What you will do:
Return the whole listing exactly, omitting the pictures.

────────────────────

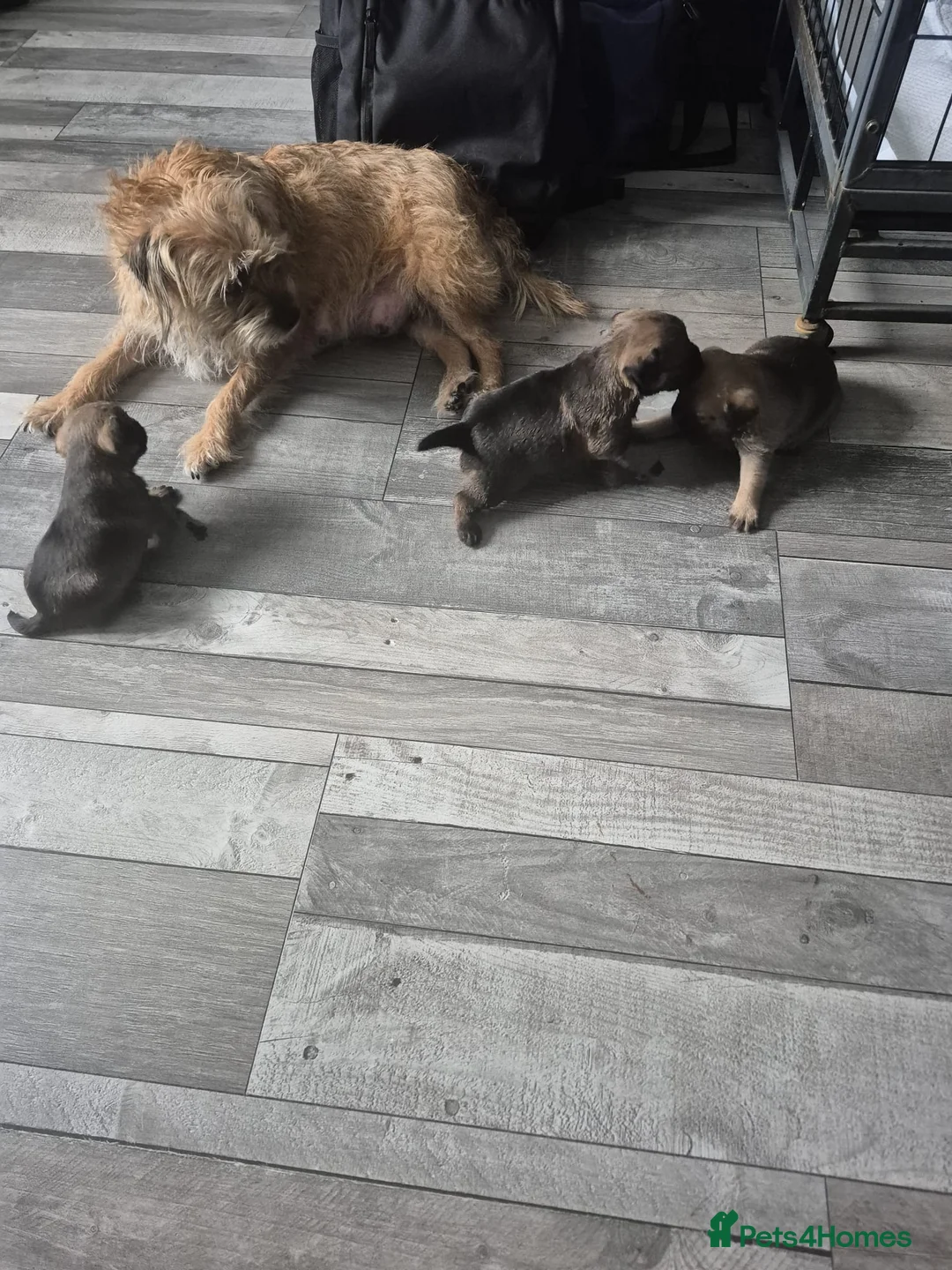 Border Terrier dogs for sale: Gorgeous Border Terrier puppies - Advert 4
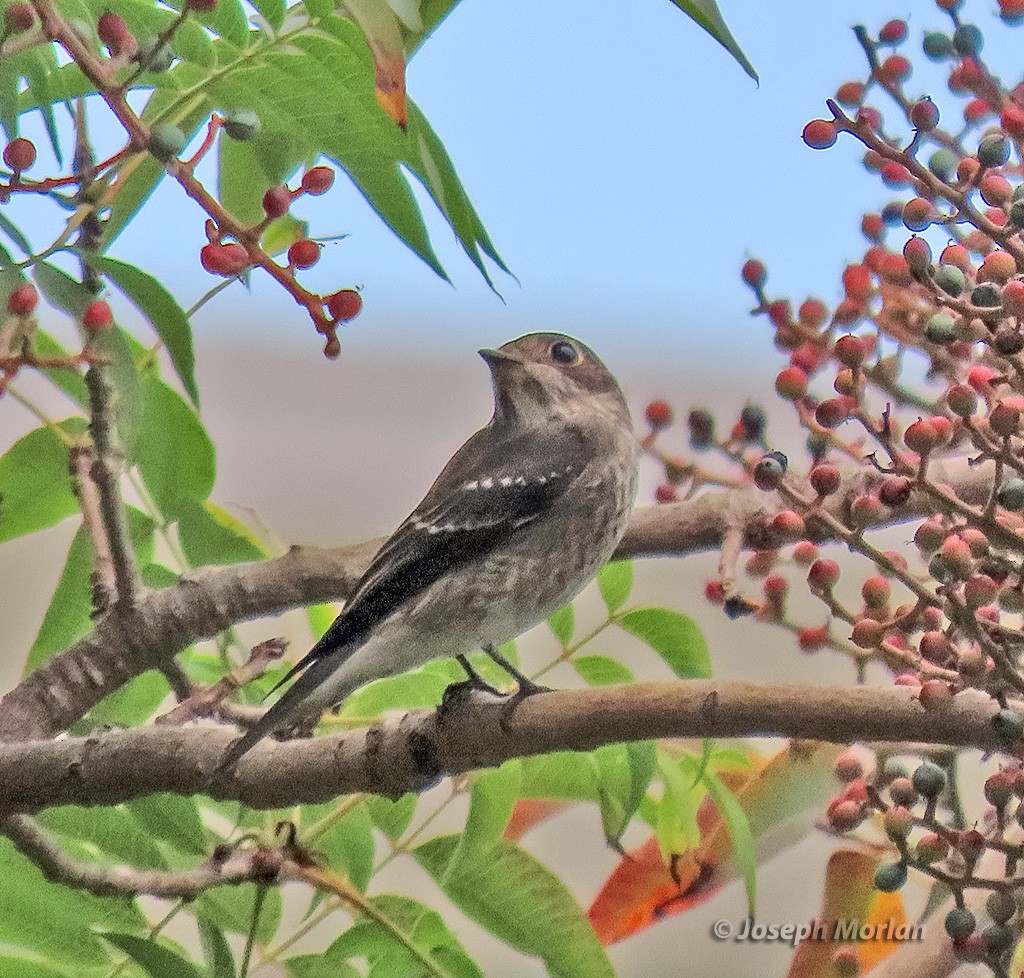 Dark-sided Flycatcher - ML642074031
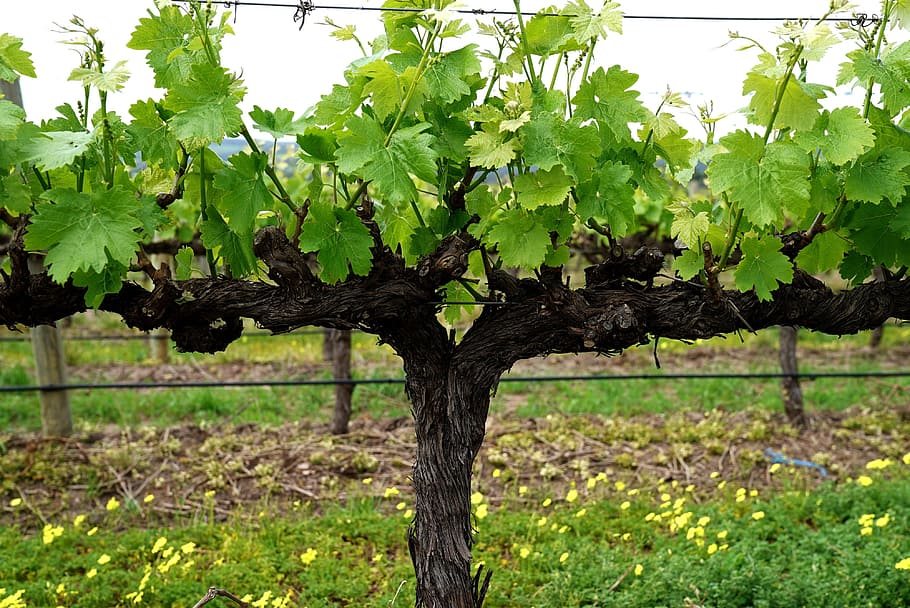 grapevine, vineyard, blossom, fruiting, grapes, agriculture HD wallpaper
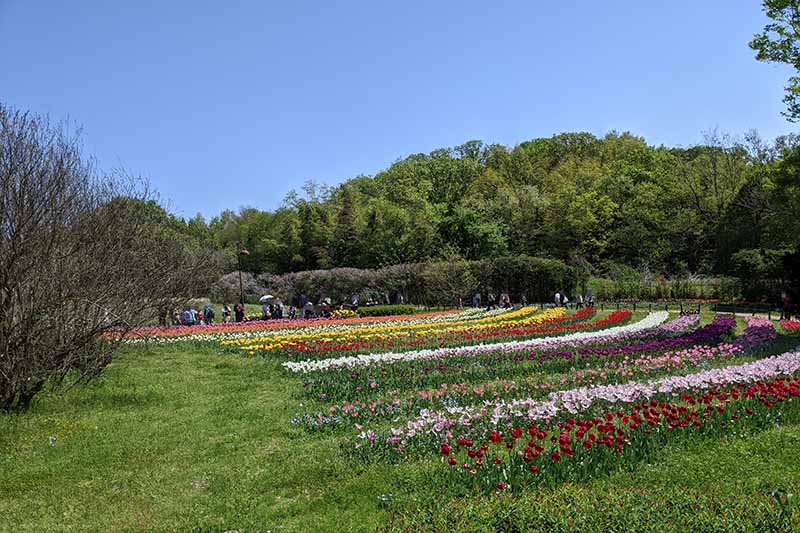 馬見丘陵公園のチューリップ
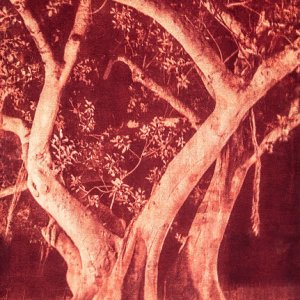  Nel giardino perduto (red version) - Gum bichromate on wood 90 x 60 cm 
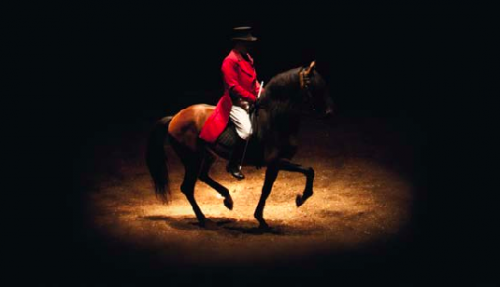 Du grand art et de belles valeurs chez les Gruss... critique empreintes cirque gruss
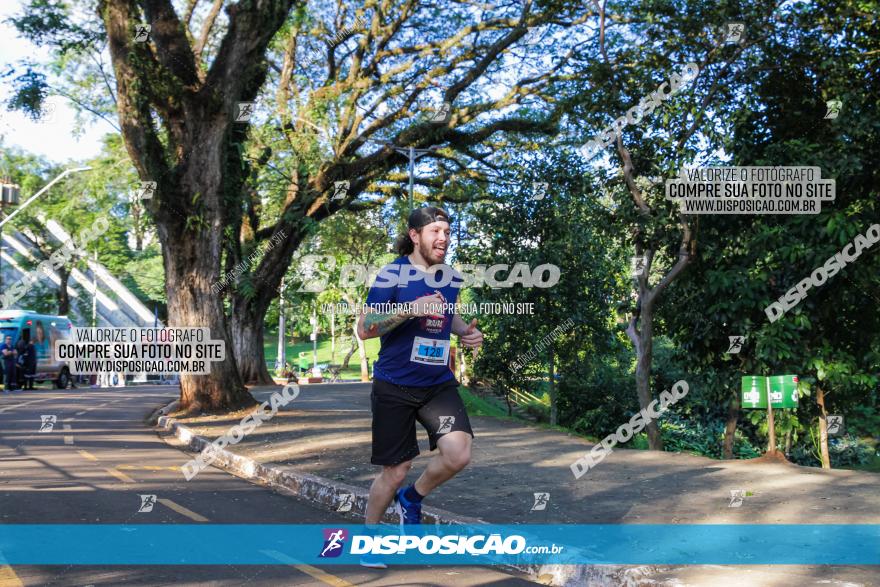 5ª Amadeus Beer Run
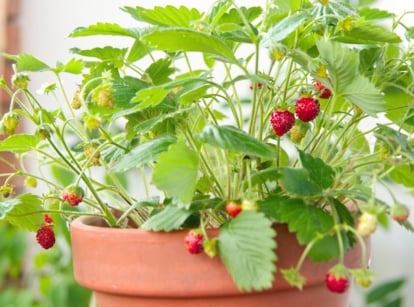 compact berries. Close-up of a strawberry plant in a large terracotta pot showing trifoliate leaves with serrated edges and vibrant green coloration, while its fruit-bearing stems produce succulent red berries adorned with small seeds.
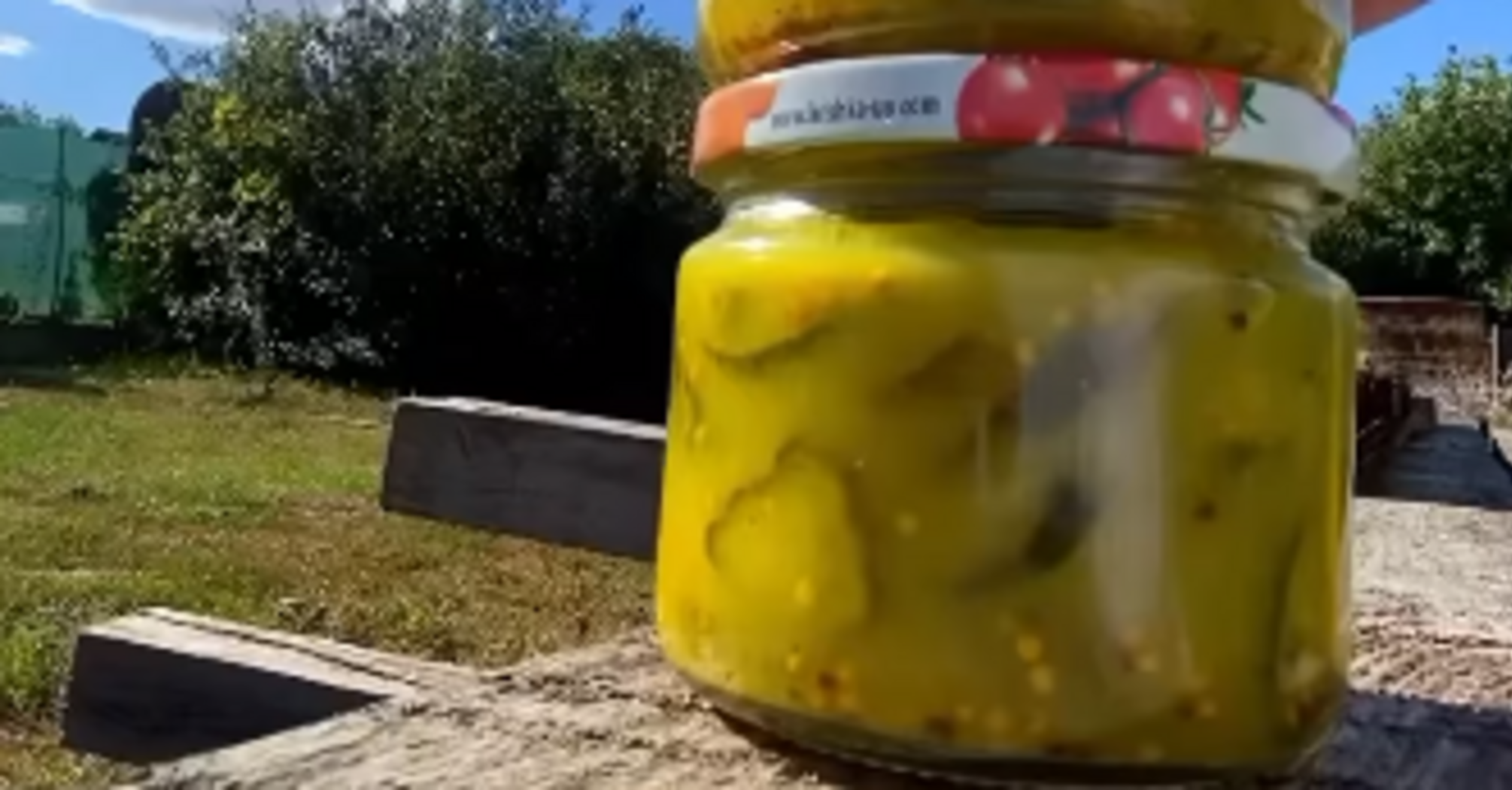 Cucumbers like McDonalds: how to preserve a vegetable for burgers, shawarma and sandwiches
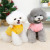 Pet Clothes Dog Clothes Winter New Double-Sided Flannel Fluffy Jacket Pet Clothing 22 Cute Fluffy Jacket Wholesale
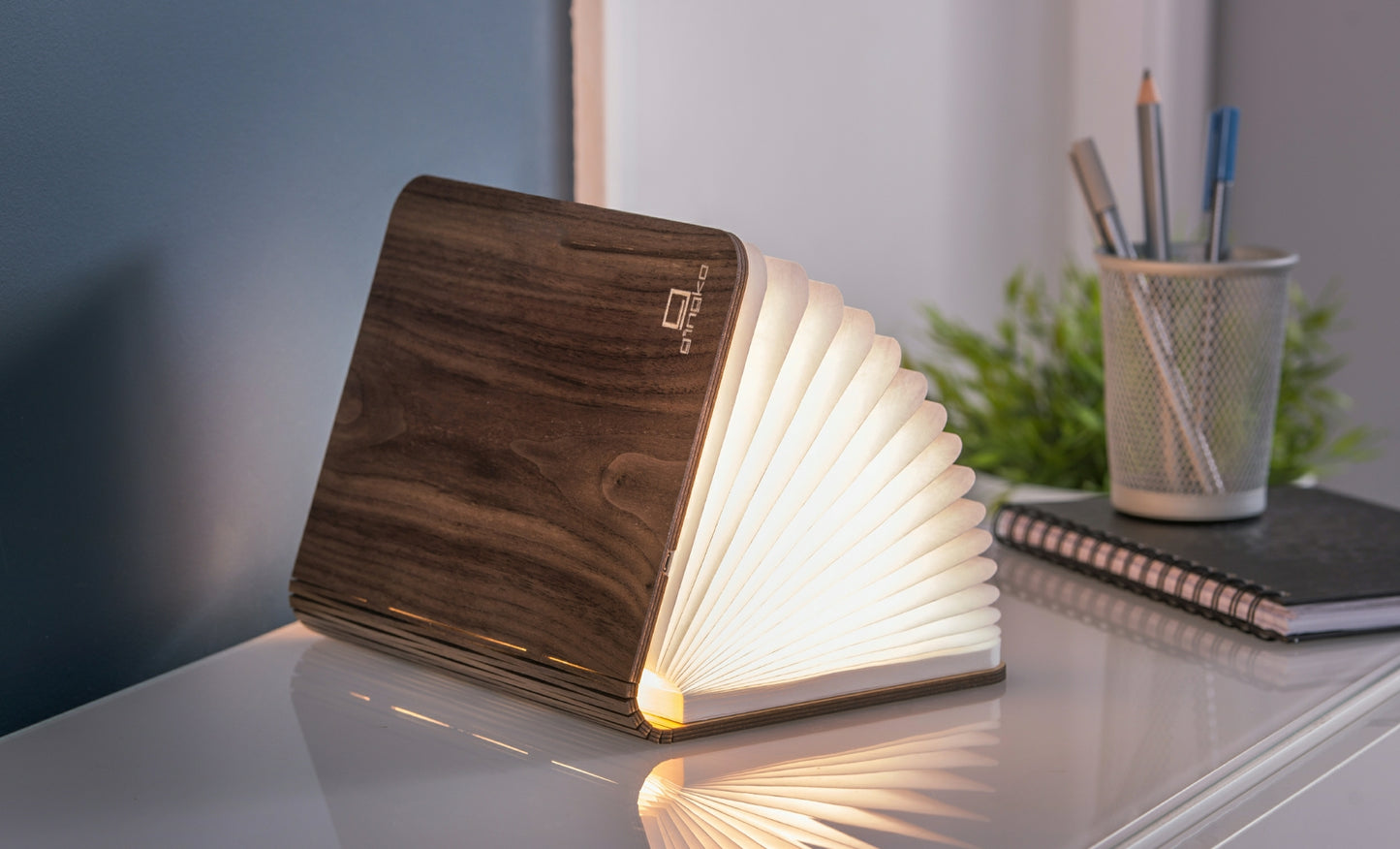 Smart Book Light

────────────────────

Output of the exercise:
 Border Terrier dogs for sale: Gorgeous Border Terrier puppies - Advert 4
 Dark-sided Flycatcher - ML642074031
 grapevine, vineyard, blossom, fruiting, grapes, agriculture HD wallpaper
 馬見丘陵公園のチューリップ
  Nel giardino perduto (red version) - Gum bichromate on wood 90 x 60 cm 
 Du grand art et de belles valeurs chez les Gruss... critique empreintes cirque gruss
 5ª Amadeus Beer Run
 compact berries. Close-up of a strawberry plant in a large terracotta pot showing trifoliate leaves with serrated edges and vibrant green coloration, while its fruit-bearing stems produce succulent red berries adorned with small seeds.
 Cucumbers like McDonalds: how to preserve a vegetable for burgers, shawarma and sandwiches
 Pet Clothes Dog Clothes Winter New Double-Sided Flannel Fluffy Jacket Pet Clothing 22 Cute Fluffy Jacket Wholesale
 Smart Book Light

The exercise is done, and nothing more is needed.